WHAT YOU ARE ASKED TO DO — Beneath this instruction is a listing. Transcribe from it only the stretch from the line with "Palathra Heritage Mararikulam" through the line with "תמונת עורך דין כלב", both end lines included, exactly as written.

EXTRACTED RECORDS —
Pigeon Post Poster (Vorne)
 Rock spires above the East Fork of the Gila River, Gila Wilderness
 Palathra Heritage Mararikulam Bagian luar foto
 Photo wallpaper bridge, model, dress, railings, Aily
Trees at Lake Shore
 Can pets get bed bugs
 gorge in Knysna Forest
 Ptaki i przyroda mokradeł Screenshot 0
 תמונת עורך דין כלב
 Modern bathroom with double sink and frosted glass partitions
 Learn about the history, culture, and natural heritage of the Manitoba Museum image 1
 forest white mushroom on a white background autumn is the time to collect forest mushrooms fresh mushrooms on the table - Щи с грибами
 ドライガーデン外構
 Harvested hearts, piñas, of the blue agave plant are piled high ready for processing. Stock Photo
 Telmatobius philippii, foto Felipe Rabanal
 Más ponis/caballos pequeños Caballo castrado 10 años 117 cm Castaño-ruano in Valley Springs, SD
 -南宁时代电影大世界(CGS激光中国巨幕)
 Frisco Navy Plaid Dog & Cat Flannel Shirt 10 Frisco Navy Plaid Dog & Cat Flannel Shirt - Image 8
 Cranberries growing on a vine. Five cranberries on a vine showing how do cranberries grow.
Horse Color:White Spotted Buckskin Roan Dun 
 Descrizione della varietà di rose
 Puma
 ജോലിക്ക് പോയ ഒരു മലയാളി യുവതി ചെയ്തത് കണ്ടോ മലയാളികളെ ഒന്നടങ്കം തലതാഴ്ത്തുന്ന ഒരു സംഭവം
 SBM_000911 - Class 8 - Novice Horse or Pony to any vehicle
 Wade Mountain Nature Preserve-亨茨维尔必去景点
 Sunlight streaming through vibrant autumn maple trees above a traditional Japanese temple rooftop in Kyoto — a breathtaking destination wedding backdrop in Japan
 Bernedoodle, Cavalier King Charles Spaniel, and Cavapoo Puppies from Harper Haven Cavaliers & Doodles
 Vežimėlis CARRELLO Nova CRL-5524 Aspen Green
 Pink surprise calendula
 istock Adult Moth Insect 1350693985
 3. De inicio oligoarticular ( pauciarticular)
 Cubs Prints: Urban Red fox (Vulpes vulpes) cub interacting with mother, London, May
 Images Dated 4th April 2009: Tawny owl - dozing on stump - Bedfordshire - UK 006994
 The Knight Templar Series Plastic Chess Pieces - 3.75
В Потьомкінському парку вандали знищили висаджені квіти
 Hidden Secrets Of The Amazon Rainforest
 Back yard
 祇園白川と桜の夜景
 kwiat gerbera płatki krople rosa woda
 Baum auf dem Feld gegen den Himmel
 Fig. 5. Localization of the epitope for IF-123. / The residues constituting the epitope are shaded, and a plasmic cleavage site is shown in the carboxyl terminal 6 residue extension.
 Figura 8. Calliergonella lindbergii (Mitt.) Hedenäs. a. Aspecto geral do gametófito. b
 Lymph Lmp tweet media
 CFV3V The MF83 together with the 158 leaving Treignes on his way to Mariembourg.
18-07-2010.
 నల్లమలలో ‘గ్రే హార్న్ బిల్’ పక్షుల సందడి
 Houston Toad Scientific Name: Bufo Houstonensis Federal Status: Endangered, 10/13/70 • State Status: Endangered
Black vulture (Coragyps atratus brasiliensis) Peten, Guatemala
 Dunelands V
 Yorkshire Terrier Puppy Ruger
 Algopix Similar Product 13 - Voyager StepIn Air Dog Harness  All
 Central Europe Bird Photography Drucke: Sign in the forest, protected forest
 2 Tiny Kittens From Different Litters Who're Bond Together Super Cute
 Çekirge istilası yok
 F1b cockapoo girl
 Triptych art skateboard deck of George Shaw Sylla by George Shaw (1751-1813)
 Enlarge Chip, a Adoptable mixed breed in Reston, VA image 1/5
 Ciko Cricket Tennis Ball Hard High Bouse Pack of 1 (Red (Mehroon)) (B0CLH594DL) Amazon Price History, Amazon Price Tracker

EXERCISE ANSWER —
 Palathra Heritage Mararikulam Bagian luar foto
 Photo wallpaper bridge, model, dress, railings, Aily
Trees at Lake Shore
 Can pets get bed bugs
 gorge in Knysna Forest
 Ptaki i przyroda mokradeł Screenshot 0
 תמונת עורך דין כלב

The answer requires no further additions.